Дом искусств — страница 5 из 40

Весна! выставляется первая рама —

И в комнату шум ворвался,

И благовест ближнего храма,

И говор народа, и стук колеса.

На площади тесно ужасно,

И много шаров продают,

И ездиют мимо жандармы,

И вербы домой все несут.

Недостатки второй строфы очевидны. Первую же, как уже заметил читатель, я взял у Майкова – не потому, что хотел украсть, а потому, что мне казалось вполне естественным воспользоваться готовым отрывком, как нельзя лучше выражающим именно мои впечатления. Майковское четверостишие было мной пережито, как мое собственное34. В этом нет ничего удивительного. Одна современная поэтесса по той же самой причине первым своим стихотворением считает «Казачью колыбельную песню» Лермонтова.

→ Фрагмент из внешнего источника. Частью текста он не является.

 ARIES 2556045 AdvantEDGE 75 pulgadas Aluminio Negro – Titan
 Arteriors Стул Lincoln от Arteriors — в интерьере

Тогда же я пробовал силы в драматургии. Симметрия, должно быть, казалась мне основным архитектоническим законом драмы. Поэтому в толстой клеенчатой тетради сосчитал я страницы, разделил ее на четыре равные части и в соответствующих местах надписал: «Действие первое», «Действие второе», «Действие третье», «Действие четвертое». Затем тетрадь была заполнена текстом, представлявшим собою комедию «Нервный старик» – подражание какой-то комедии Мясницкого35, которую в то время мои братья репетировали для любительского спектакля. За комедией последовала драма «Выстрел». Страницы были отсчитаны, как и в первый раз, но дальше одной сцены дело не пошло. Зато эту сцену я помню в точности:

«Гостиная в доме г-жи Ивановой. Г-жа Иванова, г-жа Петрова. Перед поднятием занавеса за сценою слышен выстрел.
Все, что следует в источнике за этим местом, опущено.